While it's common in the U.S. to see posters or window displays that carry quick-response (QR) codes that can be scanned by mobile phones, Shop Direct is going a step further in having its online department store Very.co.uk take over the windows of an empty shop in the busy Liverpool One shopping center.
Very has opened a "digital window shop" through the end of December to promote various fashion trends. The billboards in the display windows contain Near Field Communication tags and QR codes to let shoppers complete purchases and have products delivered the next day.
Mobile devices built with NFC chips can read data from the tags, and those without NFC chips can use the phone's camera to scan the QR codes.

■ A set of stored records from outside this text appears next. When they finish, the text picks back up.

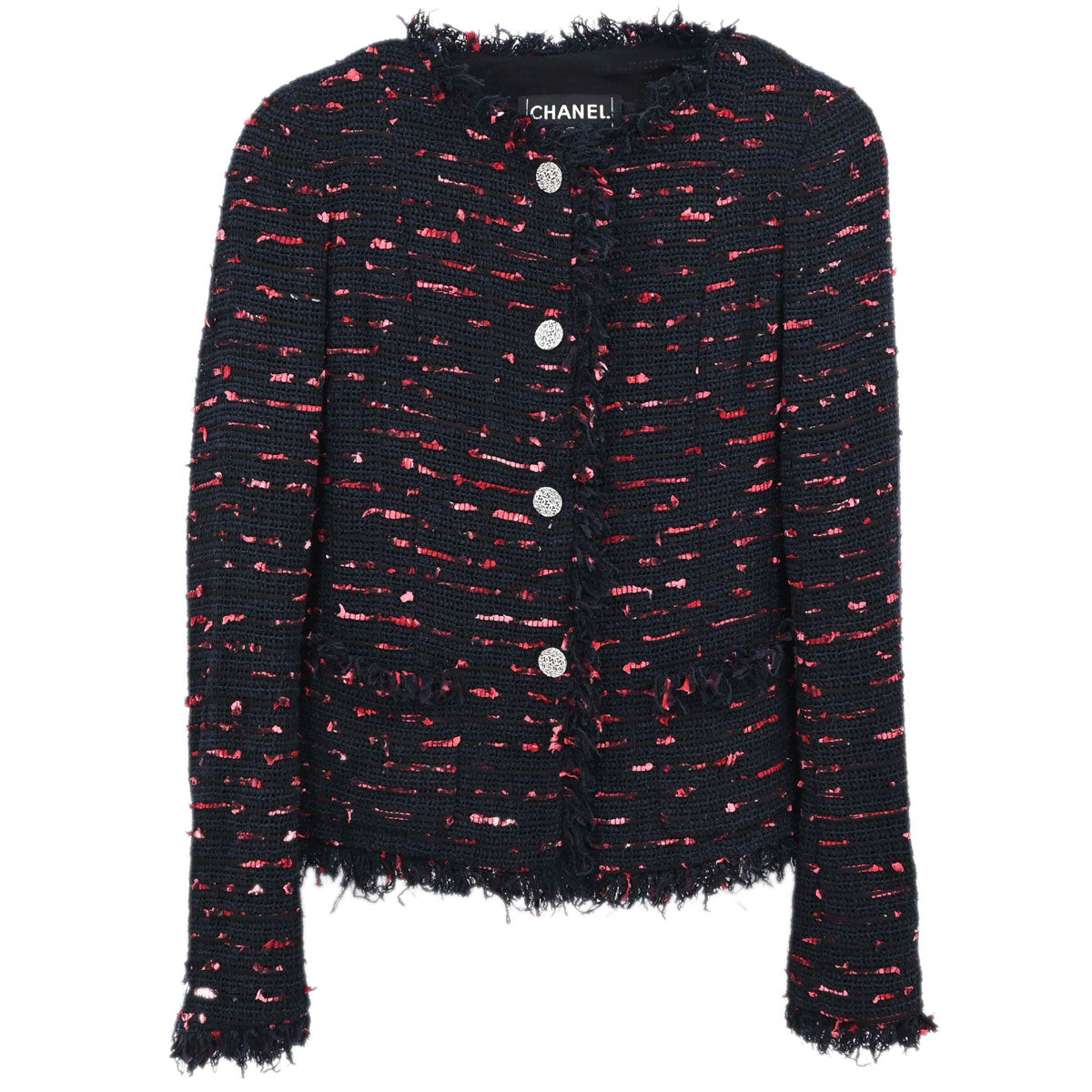 Chanel 2004 Tweed Collarless Jacket Navy Black #34
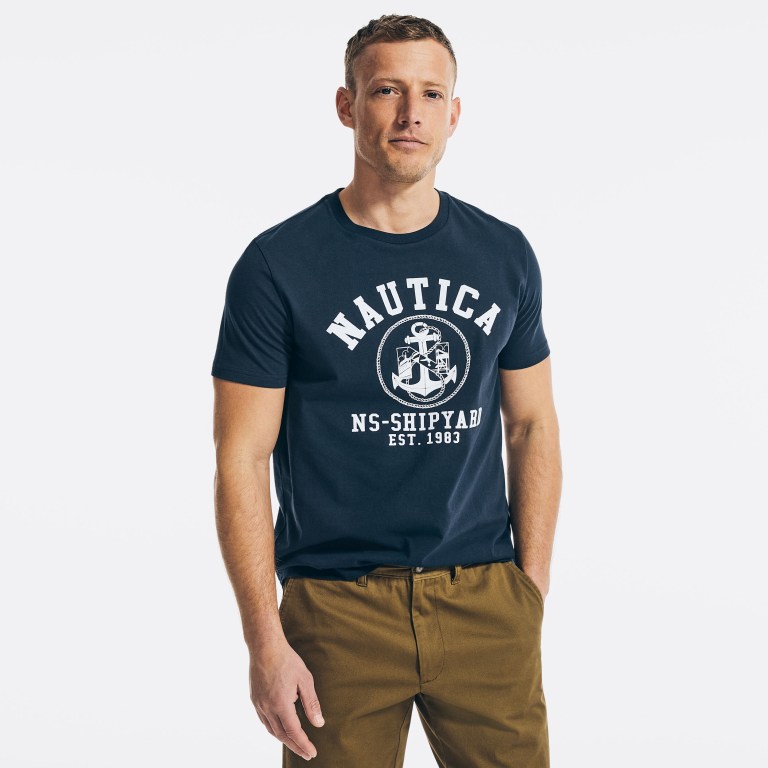 Men\'s Nautica Sustainably Crafted Ns-83 Graphic T Shirts Navy | Ni2yXxOs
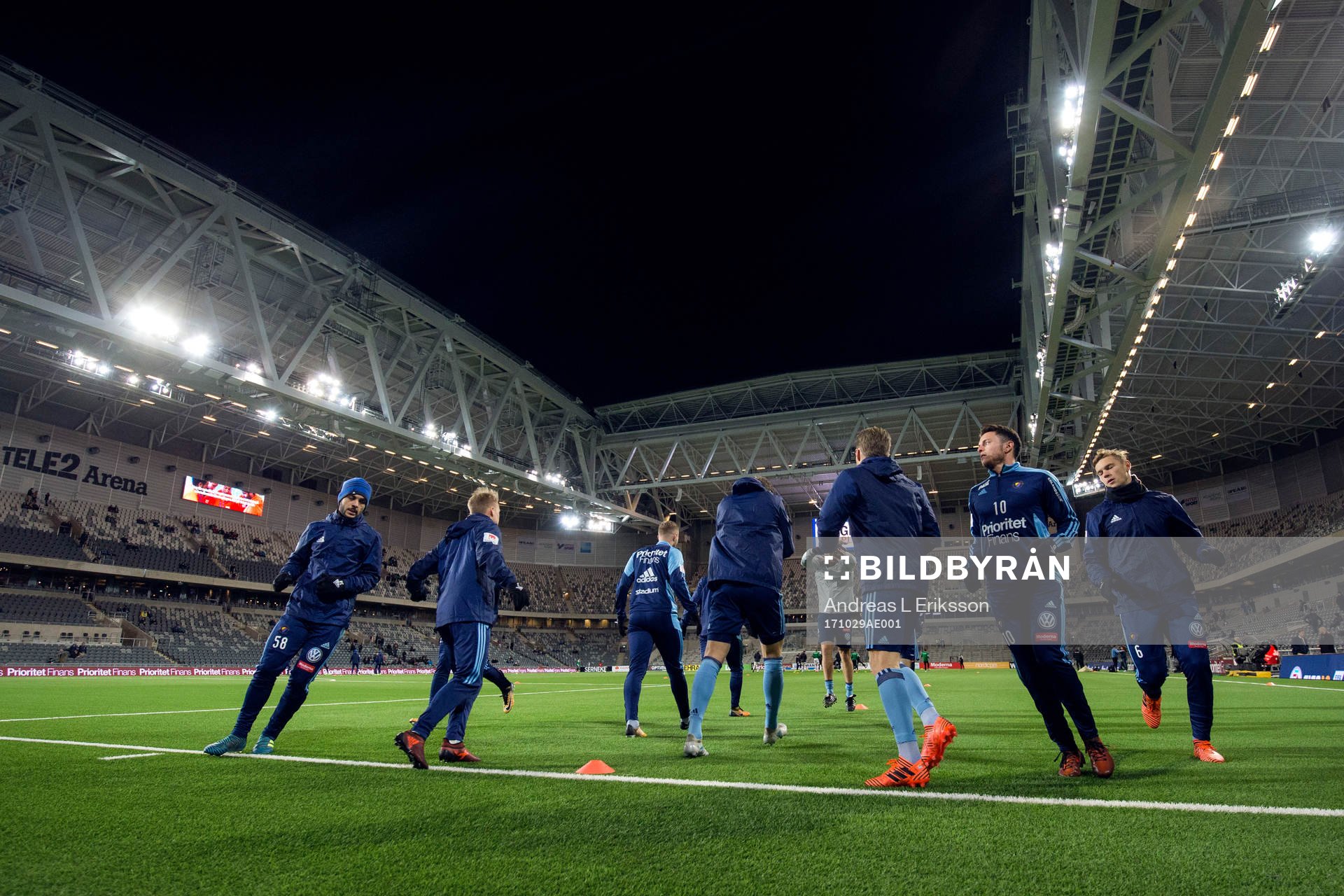 Djurgårdens spelare värmer upp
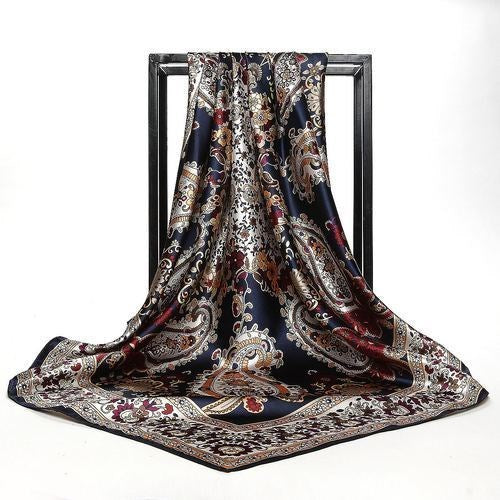 Large Square Silk Scarf 90x90cm Versatile Floral Print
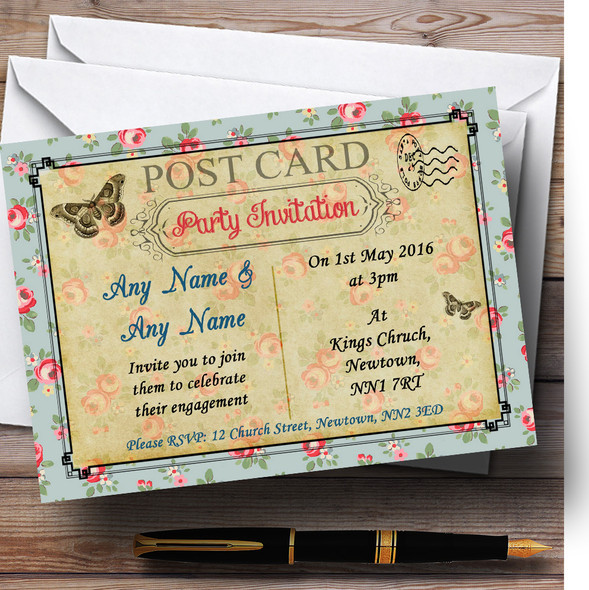 Pink Blue Floral Vintage Paris Shabby Chic Postcard Customised Engagement Party Invitations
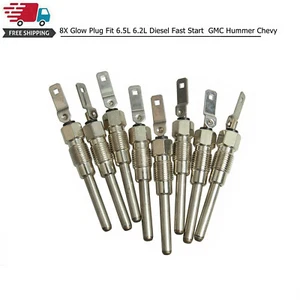 6.5L 6.2L Diesel Fast Start Glow Plugs for GMC Hummer Chevy Set of 8 - Picture 1 of 5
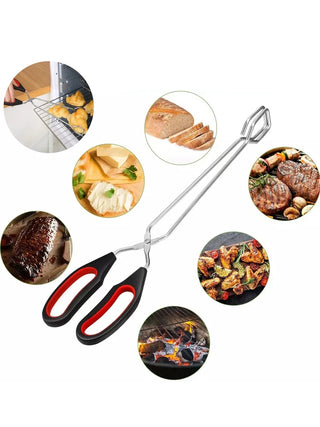 Pinça Multiuso para Churrasco em Aço Inox com Cabo Emborrachado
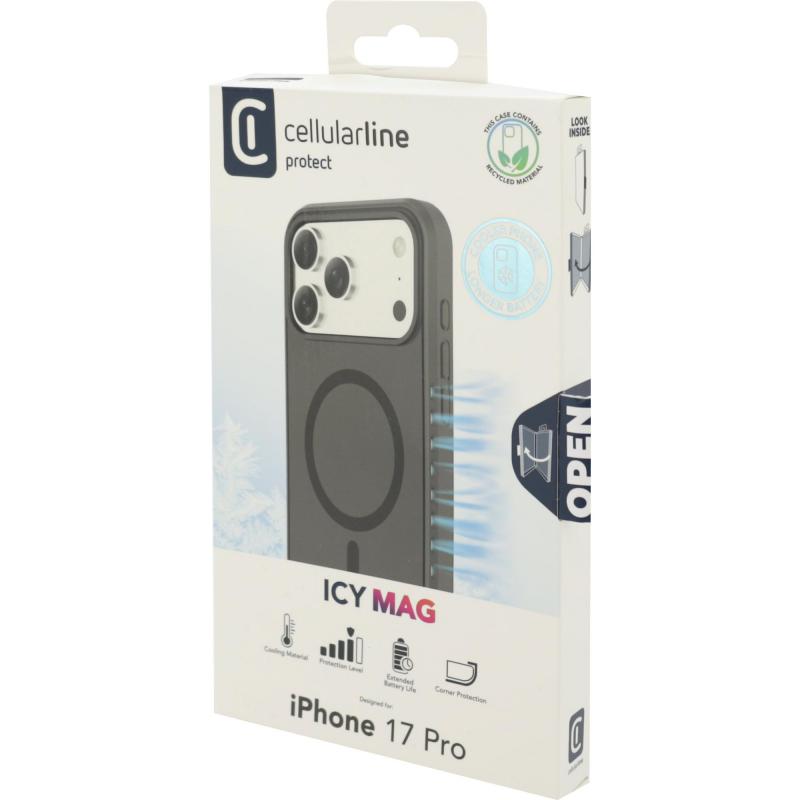 Compare Cellularline Icy Mag Back Cover Mobile Case with MagSafe, for iPhone 17 Pro, Black at KSA Price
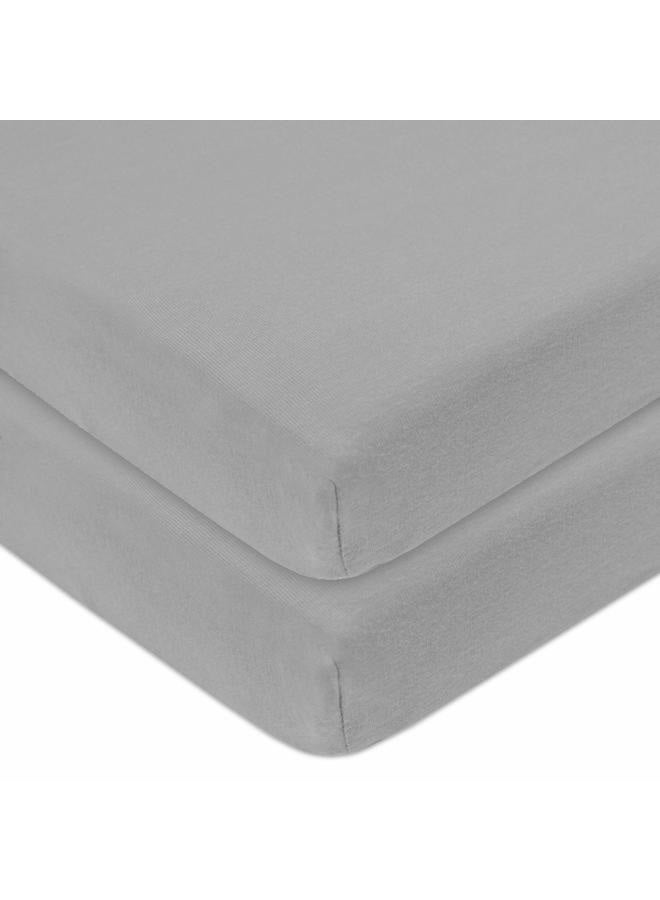 American Baby Company 2 Pack Fitted Mini Crib Sheet 24" x 38", Soft Breathable Neutral 100% Cotton Jersey Portable Sheet, Gray, for Boys and Girls, Fits Most Pack N Play Mattresses  - Image 1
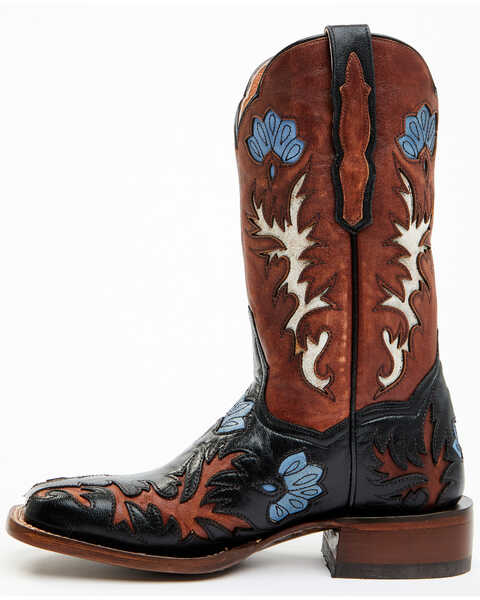 Image #3 - Dan Post Women's Tamarind Floral Leather Western Boots - Broad Square Toe, Black, hi-res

Even though a brick-and-mortar location is generally not part of an e-commerce retailer's agenda, the presence of vacant display windows and the incorporation of NFC tags in the process changes that thinking, says Gareth Jones, group retail director at Shop Direct, in a press release.
"A third of traffic to the Very.co.uk website now comes from mobile devices and we are constantly innovating to enable shoppers to more easily engage with the brand and browse and buy our products while on the move," Jones says.
Depending on the response from shoppers, Shop Direct says it plans to try the window-shopping concept in other cities.
More than anything else, the Shop Direct test illustrates how NFC has become a powerful tool for communicating product information, sales and offers, says Zil Bareisis, a London-based senior analyst for research firm Celent.
"As we always say, it's important to distinguish between NFC as a communications technology, enabling two devices to talk to each other, and NFC in the secure card emulation mode," Bareisis says. "While the former will undoubtedly catch on, it is the latter, as we know, that has been struggling lately."
It is more likely that more shoppers will have QR-reading apps on their phones than some form of NFC reader at this time, says Gareth Lodge, also a London-based senior payments analyst with Celent.
The concept of digital window shopping will likely catch on because of its low cost to retailers, Lodge says.
"I'd love to see the data, such as how many were new customers?" Lodge says. "How many bought there and then, and with which technology?"